A mishmash of tax allocation approaches is inevitable, at least for the short term, as some states have so far ignored the NRRA mandate to develop a system.
Ms. Nolan conceded that it is unclear how states would reconcile differing allocation systems, but said she is confident that most will approve a compact by the NRRA implementation deadline and are likely to favor the SLIMPACT approach.
The NRRA’s provisions include several that appeal to the surplus lines market, sources say, such as one that allows brokers to place coverage in the surplus lines market for large risks without first conducting a diligent search for admitted market coverage as called for under current regulations. Such companies must employ a “qualified risk manager” to represent the policyholder in the transaction, among other requirements.
“Our view is that the ultimate implementation of the law will make the surplus lines space all the more appealing for corporate consumers as well as the industry and regulators,” said Joel Wood, senior vp of the Council of Insurance Agents & Brokers in Washington.
As for the tax issue, the first several months after the law is implemented could be “somewhat confusing because of the inability of the states to all join in a single mechanism” to collect and allocate premium taxes, Mr. Wood said.
Risk managers are pleased with the NRRA’s provisions because it means they can write one check to one state to pay taxes on surplus lines premiums, their policy terms will be governed solely by their home state and the diligent search requirement has been eliminated for large risks, said Jim McIntyre, Washington-based legal counsel for the Risk & Insurance Management Society Inc.
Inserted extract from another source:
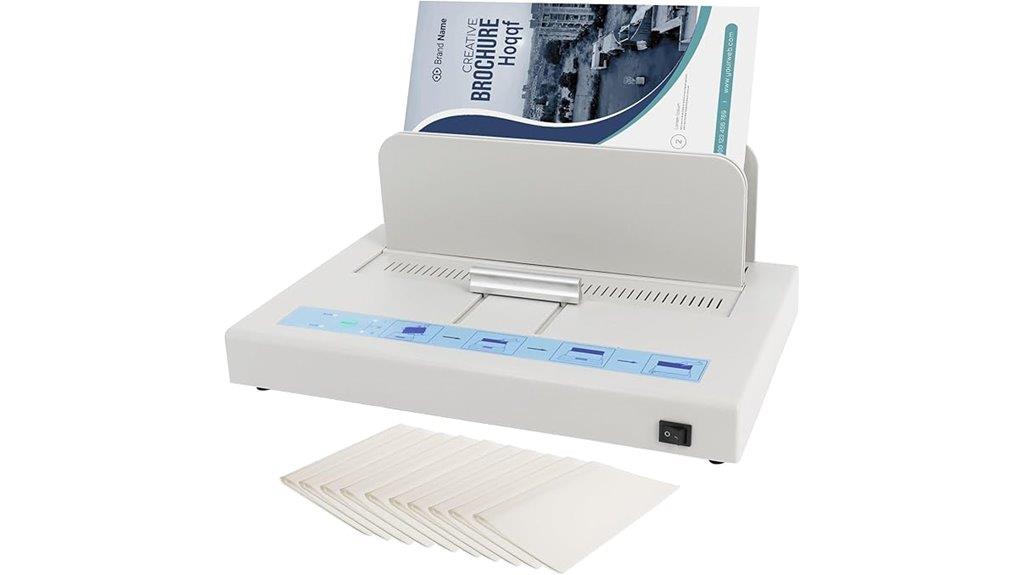 effective thermal binding solution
RIMS has provided input in developing the clearinghouse proposals, and the society’s members prefer the SLIMPACT approach because of its uniformity in processes and forms, Mr. McIntyre said.
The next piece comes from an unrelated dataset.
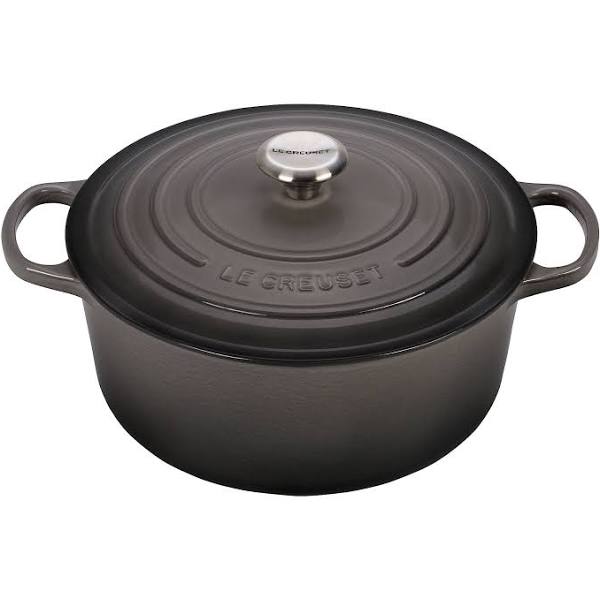 Round vs. Oval Dutch Oven?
Risk managers may, however, see some added costs once the clearinghouse approach is in place, he said.
“Somebody will have to pay for the clearinghouse operations,” Mr. McIntyre said. “I don’t think the states will do that; I think it will be passed along to policyholders.”
Risk managers are hopeful, though, that efficiencies gained by the new system will produce savings that will offset any new costs, he said.